We should add edge weights to our example for partitioning.
===== Monday march 25th ===========
Tasks :
- Generate power law graphs.
- Analyze the graph using three techniques : random, ML-KL (no edge costs), ML-KL (with edge costs).
- render the graphs.
Assuming 500 friends on average per person on Facebook and approximating the user base to 1 billion, we have an average edge cover for each node of 0.0000005 which very sparse
(much sparser than the sparse graphs used here.
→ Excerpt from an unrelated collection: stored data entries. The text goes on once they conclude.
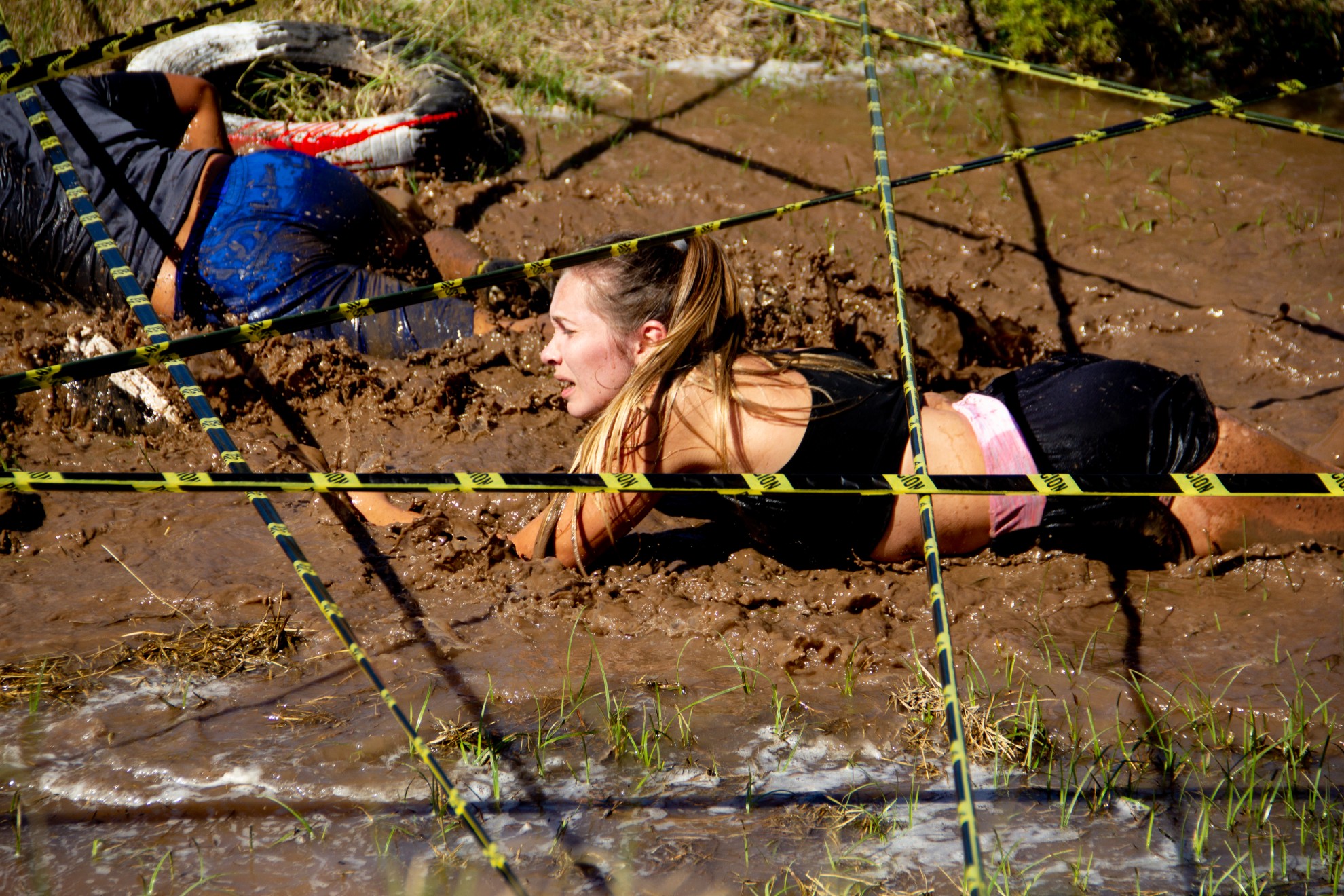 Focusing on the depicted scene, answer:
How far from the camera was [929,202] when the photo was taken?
4582 millimetres

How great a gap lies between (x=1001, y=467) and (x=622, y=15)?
176 inches

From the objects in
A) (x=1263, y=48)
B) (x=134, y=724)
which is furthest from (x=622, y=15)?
(x=134, y=724)

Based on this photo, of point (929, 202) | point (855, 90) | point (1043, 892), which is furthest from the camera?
point (855, 90)

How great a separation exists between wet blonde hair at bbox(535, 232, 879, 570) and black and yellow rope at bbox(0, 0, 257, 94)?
1422mm

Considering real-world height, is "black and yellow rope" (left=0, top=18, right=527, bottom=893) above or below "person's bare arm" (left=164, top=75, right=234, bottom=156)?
below

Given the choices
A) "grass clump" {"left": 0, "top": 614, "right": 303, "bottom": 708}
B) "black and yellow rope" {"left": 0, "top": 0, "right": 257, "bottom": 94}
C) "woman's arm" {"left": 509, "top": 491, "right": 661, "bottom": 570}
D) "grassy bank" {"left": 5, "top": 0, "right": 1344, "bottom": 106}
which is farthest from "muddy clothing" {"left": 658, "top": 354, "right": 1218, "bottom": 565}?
"grassy bank" {"left": 5, "top": 0, "right": 1344, "bottom": 106}

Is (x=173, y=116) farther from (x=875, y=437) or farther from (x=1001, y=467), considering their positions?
(x=1001, y=467)

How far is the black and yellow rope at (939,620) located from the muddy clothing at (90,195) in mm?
2556

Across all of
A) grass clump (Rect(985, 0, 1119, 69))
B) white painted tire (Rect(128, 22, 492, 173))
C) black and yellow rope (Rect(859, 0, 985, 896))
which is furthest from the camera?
grass clump (Rect(985, 0, 1119, 69))

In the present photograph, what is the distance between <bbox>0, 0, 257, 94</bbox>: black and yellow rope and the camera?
250 centimetres

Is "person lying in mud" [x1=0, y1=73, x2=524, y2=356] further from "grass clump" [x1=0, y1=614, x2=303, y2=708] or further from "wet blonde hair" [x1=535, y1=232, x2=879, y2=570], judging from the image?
"grass clump" [x1=0, y1=614, x2=303, y2=708]

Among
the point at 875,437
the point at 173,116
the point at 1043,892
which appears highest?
the point at 173,116

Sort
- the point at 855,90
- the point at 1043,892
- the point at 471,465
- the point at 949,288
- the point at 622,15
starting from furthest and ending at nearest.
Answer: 1. the point at 622,15
2. the point at 855,90
3. the point at 949,288
4. the point at 471,465
5. the point at 1043,892

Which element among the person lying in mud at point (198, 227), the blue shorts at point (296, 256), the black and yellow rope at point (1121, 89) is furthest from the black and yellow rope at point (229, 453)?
the black and yellow rope at point (1121, 89) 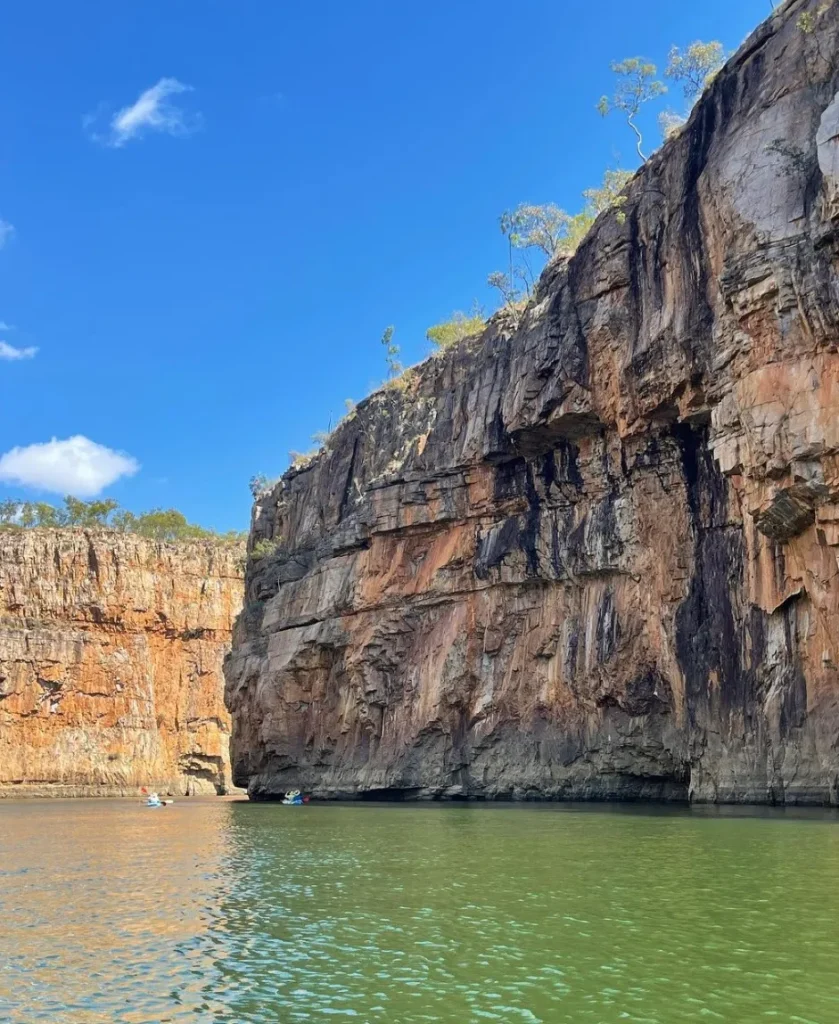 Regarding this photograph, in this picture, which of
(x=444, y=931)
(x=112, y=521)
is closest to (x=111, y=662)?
(x=112, y=521)

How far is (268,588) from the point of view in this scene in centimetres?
6706

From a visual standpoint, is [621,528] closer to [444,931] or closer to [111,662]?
[444,931]

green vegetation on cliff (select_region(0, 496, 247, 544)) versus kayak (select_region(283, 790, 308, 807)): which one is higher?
green vegetation on cliff (select_region(0, 496, 247, 544))

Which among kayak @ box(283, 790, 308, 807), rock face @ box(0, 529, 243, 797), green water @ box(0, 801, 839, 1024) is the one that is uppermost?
rock face @ box(0, 529, 243, 797)

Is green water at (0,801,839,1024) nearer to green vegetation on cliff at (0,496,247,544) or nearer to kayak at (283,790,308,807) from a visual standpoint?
kayak at (283,790,308,807)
We should maybe consider these graphs more), ie generate more graphs with a smaller amount of edges and more vertices.
Very good news for the barabasi graphs when fairly sparse. The same is not true when the distributions are more dense. We notice that the difference between the KL partitioning and
a fully random partitioning gets larger when k gets bigger. When k=4, the number of partitions visited is reduced by up to 90%.
We are now proceeding to comparing partitioning with or without edge costs. Generating the analysis has been successful, we are sure to compare partitionings that orignated from
the same graph. We notice that there is some randomness. Depending on the situation, edge costs may or may not bring a benefit.
The results were obtained using averages over 10 random start nodes.
We try now over a larger sample to see if we can get rid (at least partly) of this randomness.
===== Wednesday April 3rd =========
We now attempted to uncover facebook graphs. The number of edges is larger than expected but a lot of duplicate edges. Have to manage duplication.
The duplication was managed using an alternate file for the jar (maybe should incorporate this mechanism on a seperate jar.
Duplication has to be verified.
The partitioning has happened on duplicated data (data specified both ways). The analysis, however used the duplication free version of the facebook
graph. We have to make sure the two are consistent (and understand why the duplication free graph cannot be easily partitioned by chaco ==> structure
of the graph might be corrupt). Another bug is the presence of the "no object reference warnings" about the graph.
These messages usually mean we are trying to use an index not assigned to a node.